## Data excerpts
—————

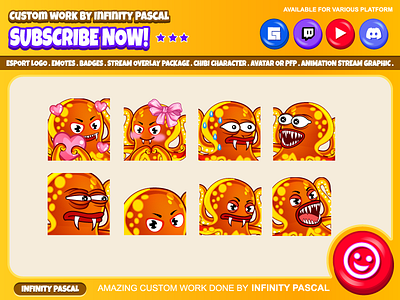 Monster Octopus Emotes animal emotes custom twitch emotes digitalart discord emotes emotes kick emotes love emotes monster octopus octopus emotes rage emotes twitch emotes youtube emotes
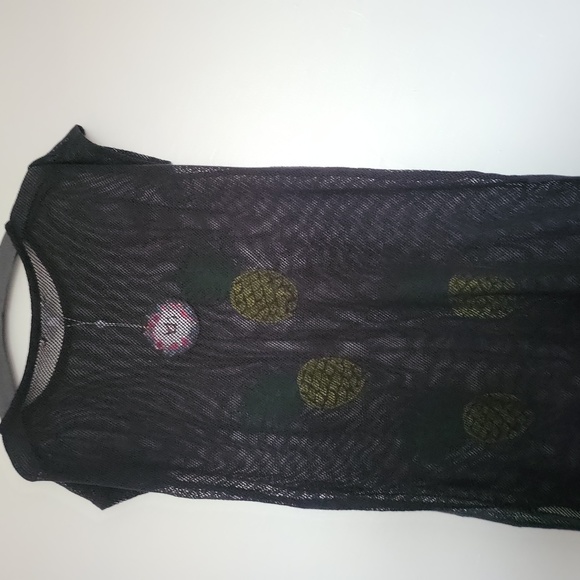 Nwt America and Beyond Hawaii Pineapple Embroidered Net Beach Cover Up sz-M/L - Picture 2 of 6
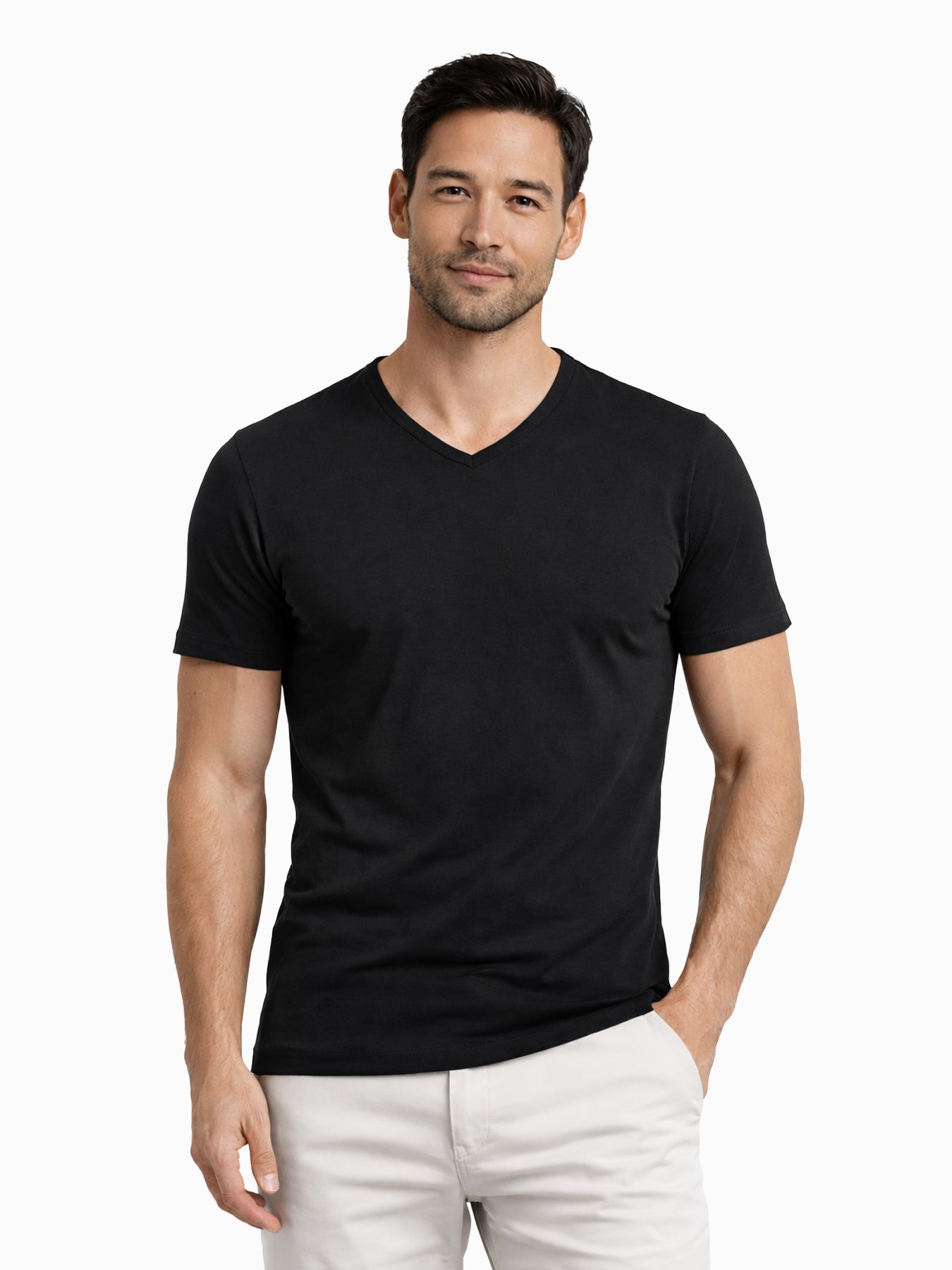 Garage basics SEMI BODYFIT T-shirt V-neck Zwart 00040387-Z1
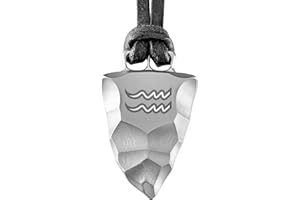 Element of Gods Titan Thumb Wedge Zodiac Sign Aquarius Pendant with Leather Cord in Black, Leather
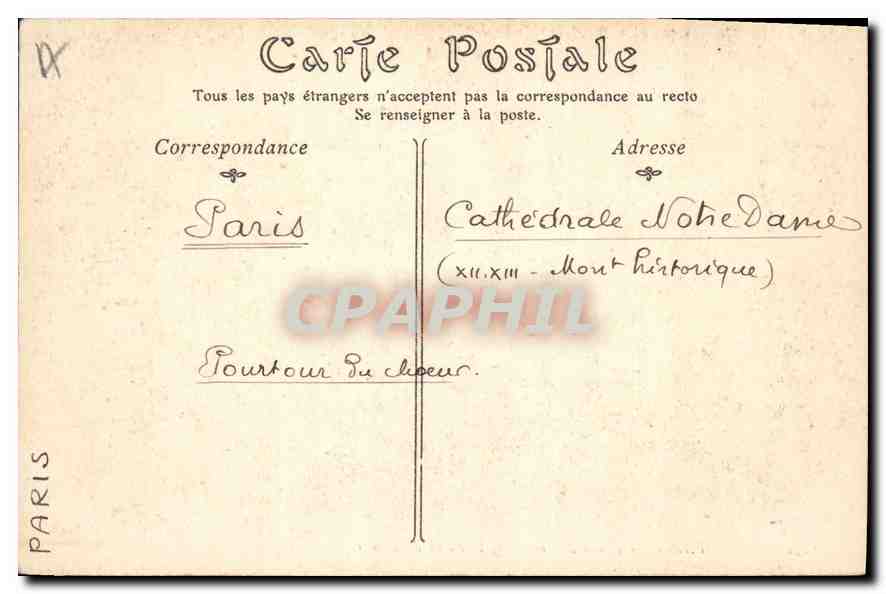 CPA Paris Eglise Notre Dame Pourtour du Choeur  — Verso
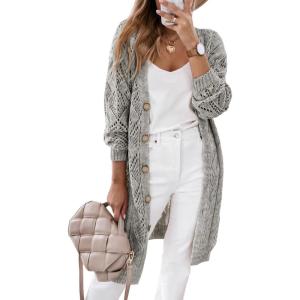 imageSHEWIN Cardigan Sweaters for Women Casual Lightweight Long Sleeve Open Front Crochet Cardigans SweaterB Gray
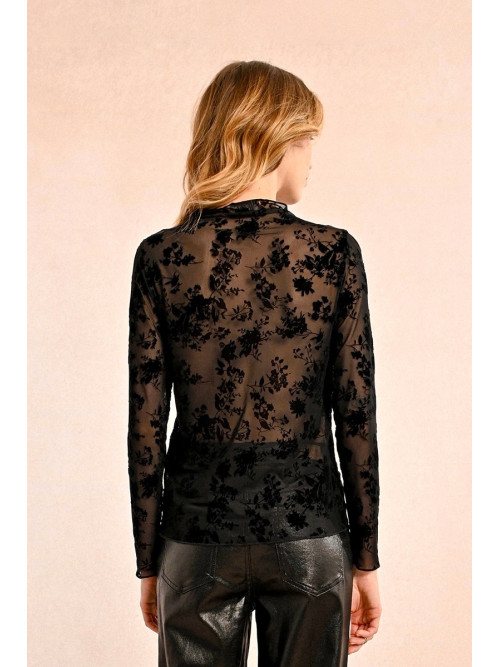 Top résille avec fleurs velours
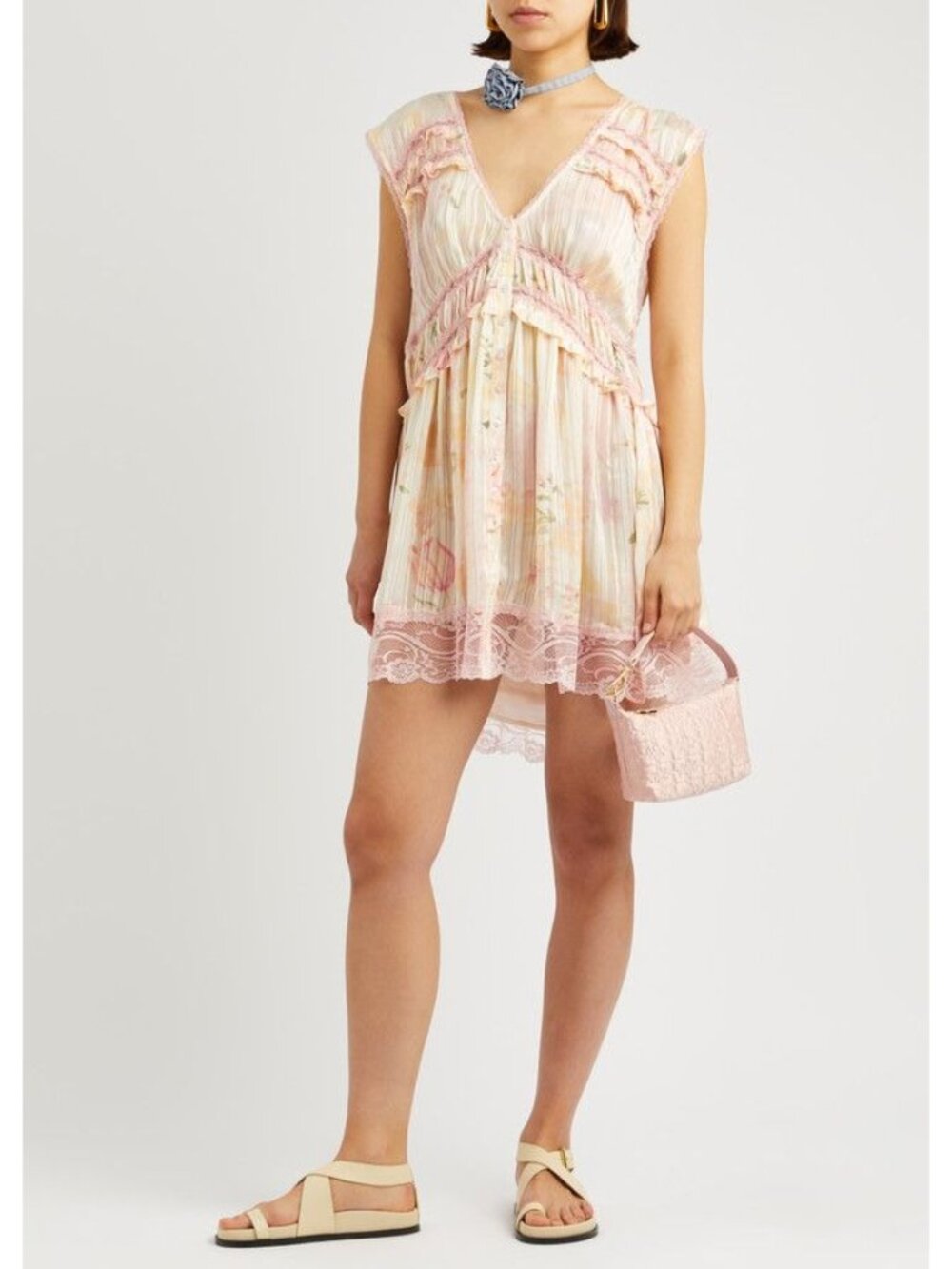 Free People Spring Fling Mini Dress in Tea Combo Medium New Womens Lace Boho - Picture 12 of 16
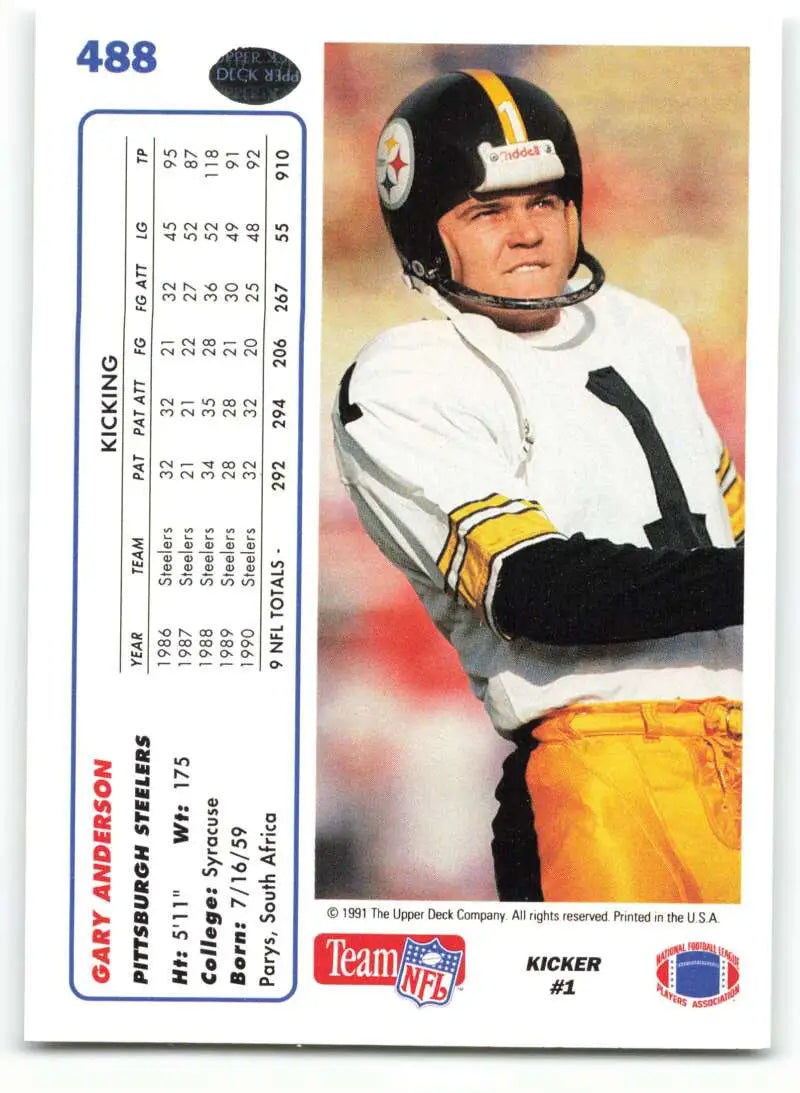1991 Upper Deck #488 Gary Anderson NM-MT Pittsburgh Steelers Football Card - Football Card Single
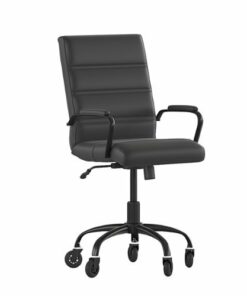 Flash Furniture - Executive Chair on Skate Wheels - Black LeatherSoft/Black Frame 1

—————

The lines from the one containing "Nwt America and" through the last line of the records are what you should copy, word for word and nothing else, with pictures left out.

 Nwt America and Beyond Hawaii Pineapple Embroidered Net Beach Cover Up sz-M/L - Picture 2 of 6
 Garage basics SEMI BODYFIT T-shirt V-neck Zwart 00040387-Z1
 Element of Gods Titan Thumb Wedge Zodiac Sign Aquarius Pendant with Leather Cord in Black, Leather
 CPA Paris Eglise Notre Dame Pourtour du Choeur  — Verso
 imageSHEWIN Cardigan Sweaters for Women Casual Lightweight Long Sleeve Open Front Crochet Cardigans SweaterB Gray
 Top résille avec fleurs velours
 Free People Spring Fling Mini Dress in Tea Combo Medium New Womens Lace Boho - Picture 12 of 16
1991 Upper Deck #488 Gary Anderson NM-MT Pittsburgh Steelers Football Card - Football Card Single
 Flash Furniture - Executive Chair on Skate Wheels - Black LeatherSoft/Black Frame 1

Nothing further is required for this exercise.